Bisher kommt aus der internationalen Staatengemeinschaft recht wenig an Substanziellem. Die angedrohten Stopps der Waffenlieferungen aus Europa betreffen eh nur zukünftige Deals. Im schlimmsten Fall stärken sie die türkische Waffenindustrie, während sie uns in Europa helfen, ein gutes Gefühl zu haben. Den Menschen vor Ort bringt das herzlich wenig. Die Einrichtung humanitärer Korridore, eine klare Ansage zur Einhaltung der Genfer Konventionen und eine empfindliche Sanktionierung bei belegten Brüchen durch die türkische Armee und ihre Verbündeten - das würde vor Ort helfen. Vom politischen Druck auf Erdogans Regierung, um eine weitere Eskalation des Konflikts zu verhindern, ganz zu schweigen.

Allerdings ist bisher nichts davon geschehen. Ganz im Gegenteil, das Schicksal der Bevölkerung wurde diesen Dienstag in Sotschi entschieden - ohne Beteiligung Damaskus‘ oder gar der Selbstverwaltung. In Kolonialherrenart wird der Nordosten Syriens gemäß den eigenen Interessen aufgeteilt, Assad erhält die nominelle Kontrolle über diesen Landesteil zurück, während die Türkei das Recht zu Patrouillen auf zehn Kilometer Tiefe erhält. So weit war man bereits 1998 im Adana-Abkommen. Gestärkt werden damit primär Assad und Putin, Erdogan erringt einen Teilsieg. Verlierer ist die Zivilgesellschaft.

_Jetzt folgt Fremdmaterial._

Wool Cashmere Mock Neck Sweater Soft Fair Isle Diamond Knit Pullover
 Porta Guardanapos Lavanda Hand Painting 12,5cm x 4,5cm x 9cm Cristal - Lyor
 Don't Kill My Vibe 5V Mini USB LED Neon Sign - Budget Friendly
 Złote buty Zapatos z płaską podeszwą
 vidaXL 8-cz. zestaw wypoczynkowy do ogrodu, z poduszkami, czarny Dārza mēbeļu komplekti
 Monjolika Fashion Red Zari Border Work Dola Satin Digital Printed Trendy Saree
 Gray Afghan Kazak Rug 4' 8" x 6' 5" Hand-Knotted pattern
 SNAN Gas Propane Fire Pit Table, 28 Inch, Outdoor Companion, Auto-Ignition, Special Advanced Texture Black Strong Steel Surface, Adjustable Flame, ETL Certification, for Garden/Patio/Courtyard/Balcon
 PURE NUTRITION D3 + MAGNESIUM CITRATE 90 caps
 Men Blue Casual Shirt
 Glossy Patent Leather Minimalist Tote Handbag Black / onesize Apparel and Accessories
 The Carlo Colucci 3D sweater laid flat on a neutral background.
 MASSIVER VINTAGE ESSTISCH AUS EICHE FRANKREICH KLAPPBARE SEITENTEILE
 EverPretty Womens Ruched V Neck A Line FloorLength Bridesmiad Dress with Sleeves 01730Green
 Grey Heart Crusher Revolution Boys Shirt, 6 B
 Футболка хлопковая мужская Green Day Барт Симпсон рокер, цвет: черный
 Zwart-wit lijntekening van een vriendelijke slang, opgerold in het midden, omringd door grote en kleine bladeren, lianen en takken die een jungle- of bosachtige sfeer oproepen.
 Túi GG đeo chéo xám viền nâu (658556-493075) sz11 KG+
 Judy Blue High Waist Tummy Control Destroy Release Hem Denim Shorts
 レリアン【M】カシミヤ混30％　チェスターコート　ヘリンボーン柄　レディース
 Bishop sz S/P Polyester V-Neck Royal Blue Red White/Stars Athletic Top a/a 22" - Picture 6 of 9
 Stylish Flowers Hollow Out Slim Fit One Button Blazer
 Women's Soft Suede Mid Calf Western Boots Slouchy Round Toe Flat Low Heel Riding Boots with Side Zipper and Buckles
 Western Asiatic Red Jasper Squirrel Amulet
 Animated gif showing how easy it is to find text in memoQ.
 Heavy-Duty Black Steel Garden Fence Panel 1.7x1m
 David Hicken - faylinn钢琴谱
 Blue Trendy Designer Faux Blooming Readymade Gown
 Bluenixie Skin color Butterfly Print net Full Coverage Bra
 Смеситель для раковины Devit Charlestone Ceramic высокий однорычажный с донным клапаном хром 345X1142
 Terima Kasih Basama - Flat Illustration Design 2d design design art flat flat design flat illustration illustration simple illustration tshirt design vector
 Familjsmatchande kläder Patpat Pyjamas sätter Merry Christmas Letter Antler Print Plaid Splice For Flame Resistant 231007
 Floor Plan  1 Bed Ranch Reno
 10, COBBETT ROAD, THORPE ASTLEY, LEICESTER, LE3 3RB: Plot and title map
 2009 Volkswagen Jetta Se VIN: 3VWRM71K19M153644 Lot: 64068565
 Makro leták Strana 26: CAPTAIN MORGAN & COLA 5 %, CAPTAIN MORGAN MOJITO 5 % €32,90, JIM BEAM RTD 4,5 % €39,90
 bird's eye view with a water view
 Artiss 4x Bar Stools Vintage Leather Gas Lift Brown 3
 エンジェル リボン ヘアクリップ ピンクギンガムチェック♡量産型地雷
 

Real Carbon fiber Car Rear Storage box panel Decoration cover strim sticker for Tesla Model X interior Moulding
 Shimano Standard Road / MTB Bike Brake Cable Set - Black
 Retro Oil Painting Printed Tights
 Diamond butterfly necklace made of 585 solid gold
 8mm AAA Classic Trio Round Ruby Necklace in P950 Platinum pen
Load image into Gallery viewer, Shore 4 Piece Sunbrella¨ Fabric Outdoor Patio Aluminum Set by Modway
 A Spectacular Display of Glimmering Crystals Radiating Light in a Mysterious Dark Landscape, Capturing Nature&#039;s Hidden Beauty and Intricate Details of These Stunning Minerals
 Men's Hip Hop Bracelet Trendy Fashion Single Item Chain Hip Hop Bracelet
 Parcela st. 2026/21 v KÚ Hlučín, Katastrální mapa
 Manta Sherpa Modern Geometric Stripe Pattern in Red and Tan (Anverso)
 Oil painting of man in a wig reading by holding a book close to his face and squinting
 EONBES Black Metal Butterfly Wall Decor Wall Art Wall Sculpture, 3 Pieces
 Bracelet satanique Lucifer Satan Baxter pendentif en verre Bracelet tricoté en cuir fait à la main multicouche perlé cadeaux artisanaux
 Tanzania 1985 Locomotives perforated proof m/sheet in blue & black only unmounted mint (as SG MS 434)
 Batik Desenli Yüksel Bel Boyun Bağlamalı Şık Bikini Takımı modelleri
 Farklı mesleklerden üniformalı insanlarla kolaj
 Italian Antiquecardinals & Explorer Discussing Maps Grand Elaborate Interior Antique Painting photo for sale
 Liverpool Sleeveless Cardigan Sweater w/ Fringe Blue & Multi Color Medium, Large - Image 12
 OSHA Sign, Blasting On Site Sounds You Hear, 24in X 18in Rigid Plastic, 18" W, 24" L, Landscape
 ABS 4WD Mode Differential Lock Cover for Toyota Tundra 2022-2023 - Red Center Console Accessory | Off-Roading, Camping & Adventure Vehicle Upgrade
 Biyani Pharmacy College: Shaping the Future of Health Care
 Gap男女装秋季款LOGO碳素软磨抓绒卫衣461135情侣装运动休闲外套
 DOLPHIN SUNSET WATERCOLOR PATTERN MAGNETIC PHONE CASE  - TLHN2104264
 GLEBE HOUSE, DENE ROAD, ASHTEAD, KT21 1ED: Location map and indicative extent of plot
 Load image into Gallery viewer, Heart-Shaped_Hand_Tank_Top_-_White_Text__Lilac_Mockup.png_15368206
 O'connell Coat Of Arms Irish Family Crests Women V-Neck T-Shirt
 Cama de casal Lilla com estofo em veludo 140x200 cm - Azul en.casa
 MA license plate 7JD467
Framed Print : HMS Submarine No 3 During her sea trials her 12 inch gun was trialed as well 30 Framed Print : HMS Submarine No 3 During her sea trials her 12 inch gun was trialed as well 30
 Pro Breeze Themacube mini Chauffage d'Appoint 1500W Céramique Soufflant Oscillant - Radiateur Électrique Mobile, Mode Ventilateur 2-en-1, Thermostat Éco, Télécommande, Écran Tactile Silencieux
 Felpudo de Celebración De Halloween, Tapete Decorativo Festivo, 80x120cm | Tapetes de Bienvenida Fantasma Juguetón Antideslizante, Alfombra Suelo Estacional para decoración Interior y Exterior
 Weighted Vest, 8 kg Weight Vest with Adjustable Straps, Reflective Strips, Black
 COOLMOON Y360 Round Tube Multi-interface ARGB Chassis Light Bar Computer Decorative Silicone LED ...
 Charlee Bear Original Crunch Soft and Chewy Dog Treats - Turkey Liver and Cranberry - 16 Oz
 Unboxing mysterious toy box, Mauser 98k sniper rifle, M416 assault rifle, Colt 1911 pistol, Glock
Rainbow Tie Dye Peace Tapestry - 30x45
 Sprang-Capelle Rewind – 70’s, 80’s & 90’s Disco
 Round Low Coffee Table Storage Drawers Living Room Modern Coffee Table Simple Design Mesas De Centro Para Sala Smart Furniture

So bleibt solidarischen Helfer*innen wie uns erst einmal wieder nur, die Organisationen vor Ort weiter zu stärken, so lange es noch geht. Lokale Mitarbeiter*innen ihre Arbeit machen lassen und sie dafür auch zu bezahlen. Projekte in der Region nicht einzudampfen, sondern auszubauen. Angriffe auf medizinisches Personal, Zivilist*innen und medizinische Infrastruktur zu dokumentieren und in der Öffentlichkeit anzuprangern. Und schlussendlich als NGO weiter daran zu arbeiten, dass humanitären Akteuren so bald wie möglich ein gesicherter Zugang in die Region ermöglicht wird. Ob das zweifelhafte Abkommen zwischen Türkei und Russland von Dienstagabend die Situation entspannt, ist fraglich. Den Menschen in Rojava wäre es gewünscht.

CADUS ist eine humanitäre Hilfsorganisation mit Sitz in Berlin. Seit ihrer Gründung 2014 war sie in Syrien, dem Mittelmeer und der Ägäis, Irak und Bosnien tätig. Schwerpunkt der Arbeit ist die medizinische Nothilfe in Krisen- oder Kriegsregionen.